Samson et Dalila by Saint-Saëns; Royal Opera House; Covent Garden; London, UK; 24 May 2022; Samson - SeokJong Baek; Dalila - Elina Garanca; High Priest - Lukasz Golinski; First Philistine -Alan Pingarrón; Second Philistine - Chuma Sijeqa; Messenger -Thando Mjandana Abimélech -Blaise Malaba; Samson's Rabbi -Goderdzi Janelidze; Director - Richard Jones; Set Designer - Hyemi Shin; Costume Designer - Nicky Gillibrand; Lighting Designer - Andreas Fuchs; Movement Director - Lucy Burge; © 2022 ROH Photographed by CLIVE BARDA

Samson et Dalila

Reviewer's rating

The Book of Judges devotes three chapters to the story of Samson. The composer, Camille Saint-Saëns, and the librettist Ferdinand Lemaire explore only the final chapter of the three in this opera. Samson’s heroics against the Philistines have all taken place before the opera starts. Samson is driven by his duty to his people, the Hebrews, and his insatiable desire for the alluring Dalila, a Philistine femme fatale. Delila is driven by hatred and revenge.

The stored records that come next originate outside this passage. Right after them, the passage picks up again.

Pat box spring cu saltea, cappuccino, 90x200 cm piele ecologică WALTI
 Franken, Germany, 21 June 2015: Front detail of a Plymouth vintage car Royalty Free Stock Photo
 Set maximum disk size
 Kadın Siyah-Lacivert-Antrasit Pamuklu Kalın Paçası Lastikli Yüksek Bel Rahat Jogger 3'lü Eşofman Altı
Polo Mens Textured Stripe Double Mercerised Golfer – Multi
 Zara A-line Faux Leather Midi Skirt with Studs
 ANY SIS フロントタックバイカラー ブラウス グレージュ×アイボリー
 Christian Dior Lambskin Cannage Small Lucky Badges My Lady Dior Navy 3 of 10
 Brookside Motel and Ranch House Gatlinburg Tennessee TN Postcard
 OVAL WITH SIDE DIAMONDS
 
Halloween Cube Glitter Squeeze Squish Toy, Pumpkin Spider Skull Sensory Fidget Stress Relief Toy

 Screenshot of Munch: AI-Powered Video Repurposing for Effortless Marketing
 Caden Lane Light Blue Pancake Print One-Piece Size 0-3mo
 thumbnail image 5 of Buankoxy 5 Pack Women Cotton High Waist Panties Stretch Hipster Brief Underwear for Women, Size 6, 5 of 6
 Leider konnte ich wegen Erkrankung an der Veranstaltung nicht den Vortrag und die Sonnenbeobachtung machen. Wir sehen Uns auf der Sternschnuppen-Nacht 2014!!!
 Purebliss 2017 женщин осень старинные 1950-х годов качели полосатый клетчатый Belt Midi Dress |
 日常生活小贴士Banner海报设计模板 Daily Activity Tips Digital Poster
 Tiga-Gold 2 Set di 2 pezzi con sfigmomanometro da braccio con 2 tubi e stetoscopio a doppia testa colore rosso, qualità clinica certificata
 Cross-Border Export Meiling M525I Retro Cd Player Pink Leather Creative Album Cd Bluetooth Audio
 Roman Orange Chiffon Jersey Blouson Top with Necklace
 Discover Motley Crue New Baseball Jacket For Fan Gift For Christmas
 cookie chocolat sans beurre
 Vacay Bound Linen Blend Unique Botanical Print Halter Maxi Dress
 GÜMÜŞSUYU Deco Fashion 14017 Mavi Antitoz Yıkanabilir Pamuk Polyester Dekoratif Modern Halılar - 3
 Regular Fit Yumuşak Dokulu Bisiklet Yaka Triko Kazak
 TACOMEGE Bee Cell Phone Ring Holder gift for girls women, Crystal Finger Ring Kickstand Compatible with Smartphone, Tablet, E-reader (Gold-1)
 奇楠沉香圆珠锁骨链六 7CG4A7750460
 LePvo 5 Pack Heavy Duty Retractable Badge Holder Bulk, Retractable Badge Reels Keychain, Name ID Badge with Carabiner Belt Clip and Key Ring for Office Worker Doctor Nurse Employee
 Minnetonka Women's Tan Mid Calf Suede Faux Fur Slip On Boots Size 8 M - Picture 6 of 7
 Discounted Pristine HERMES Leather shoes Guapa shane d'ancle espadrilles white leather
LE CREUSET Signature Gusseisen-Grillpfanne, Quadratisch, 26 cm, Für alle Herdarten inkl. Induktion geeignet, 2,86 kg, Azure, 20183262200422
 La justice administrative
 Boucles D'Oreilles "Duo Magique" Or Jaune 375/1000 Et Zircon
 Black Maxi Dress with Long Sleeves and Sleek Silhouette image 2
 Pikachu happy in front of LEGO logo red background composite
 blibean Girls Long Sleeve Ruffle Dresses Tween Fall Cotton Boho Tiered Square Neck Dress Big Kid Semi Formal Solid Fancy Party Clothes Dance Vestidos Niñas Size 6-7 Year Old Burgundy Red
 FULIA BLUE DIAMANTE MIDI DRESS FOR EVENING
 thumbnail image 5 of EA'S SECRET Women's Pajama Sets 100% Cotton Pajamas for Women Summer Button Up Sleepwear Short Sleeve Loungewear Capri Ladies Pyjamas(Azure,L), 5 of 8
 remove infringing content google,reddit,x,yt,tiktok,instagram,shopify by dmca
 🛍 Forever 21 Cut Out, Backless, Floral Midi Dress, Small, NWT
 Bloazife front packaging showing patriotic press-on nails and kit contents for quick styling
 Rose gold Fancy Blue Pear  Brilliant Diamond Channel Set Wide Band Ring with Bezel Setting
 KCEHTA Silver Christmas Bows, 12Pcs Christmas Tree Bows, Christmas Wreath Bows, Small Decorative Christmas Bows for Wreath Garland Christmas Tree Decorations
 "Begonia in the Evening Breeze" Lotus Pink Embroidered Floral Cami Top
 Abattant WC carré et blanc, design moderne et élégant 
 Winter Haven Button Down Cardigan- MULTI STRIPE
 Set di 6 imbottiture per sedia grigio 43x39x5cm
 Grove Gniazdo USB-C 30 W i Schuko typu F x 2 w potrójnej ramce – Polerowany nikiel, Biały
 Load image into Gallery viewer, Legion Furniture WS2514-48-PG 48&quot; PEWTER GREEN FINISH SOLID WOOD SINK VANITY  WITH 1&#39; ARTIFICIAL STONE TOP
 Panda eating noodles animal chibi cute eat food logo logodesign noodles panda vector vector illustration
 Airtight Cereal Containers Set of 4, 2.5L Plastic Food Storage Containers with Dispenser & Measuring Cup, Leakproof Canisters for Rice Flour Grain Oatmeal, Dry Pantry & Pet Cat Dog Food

The Chorus, directed by William Spaulding together with the orchestra Royal Opera House conducted subtly and expertly by Antonio Pappano, creates a memorable musical experience. It is from the chorus’s opening scene through to the heroic singing of Samson the audience is enthralled.

Dramatically and musically Act I is predominantly an oratorio. The operatic drama is thinly drawn but powerfully sung. It was Saint-Saën’s initial plan to write an oratorio, a large-scale choral work based on a biblical theme, but the librettist and poet Lemaire suggested an opera, and Saint-Saëns enthusiastically embraced the idea. The result is an amalgam that is both magnificent, and not entirely reconciled within the operatic form.

The location is Gaza. The Hebrews beg their god, Jehovah, for relief from their bondage to the Philistines. Samson, their leader, rebukes them for their lack of faith. The Philistine commander, Abimélech, head adorned in gold, appears and is killed by Samson. The Hebrews rejoice in powerful and pious Gregorian chant.

The High Priest to the Philistine god Dagon appears and curses Samson’s prodigious strength. This is the prelude to Act II where the real drama slowly commences, reaching a crescendo in the final act.

Saint-Saëns’s Samson is insecure and hesitant, succumbing quickly to Delila’s seductive, yet monotonous dance. Seok Jong Baek’s Samson has a voice that is nothing short of opulent. In the final dramatic and heroic act, he grows in stature.

Elina Garanča’s Dalila is granted full range to demonstrate her talents as a scheming seductress. She is a restless and somewhat aggressive and agitated Dalila, consumed by the desire to avenge her people. Garanča, a dramatic mezzo-soprano, has a deep and dark tonal range that beautifully articulates the depth of her character’s emotions.

Lukasz Goliński’s  High Priest is initially baffling as he appears dressed in military regalia rather than religious garb. He offers a powerful and authoritative performance – his singing is firm and rich in tone and delivery.

Goderszi Janelidze’s small but important role as the Old Hebrew, Samson’s Rabbi, is vocally impressive, but dramatically, incomprehensible. He is projected as a blind man led by Samson, as a man in need of a physical crutch. This seems rather bizarre, and probably an attempt by Richard Jones, the director, to hint at what is to happen to Samson for not heeding his Rabbi’s advice.

Dagon, the Philistines’ god, is a red-nosed clown of sorts, holding gambling chips and slot machines on either arm, while the Israelites are more stayed in their tradition, brandishing prayer books in self-preservation. The scene in which two Philistines burn a small white T-shirt with the star of David on it made uncomfortable viewing, underscoring that the age-old undercurrents of antisemitism still stubbornly persist.

The famous Bacchanale with its oriental music and dance, heightens the cruelty of the Philistine’s victory over the now blind Samson, before the climactic finale.

The set, designed by Hyemi Shin is minimalist and simple, yet effective.  The costume by Nicky Gillibrand is monochrome for Samson and the Hebrews but gaudy in texture and colour for the Philistines.

This is a difficult opera-oratorio to stage.  The team at the Royal Opera House offers an imperfect, yet magnificent evening of this ancient story, translated into a modern drama.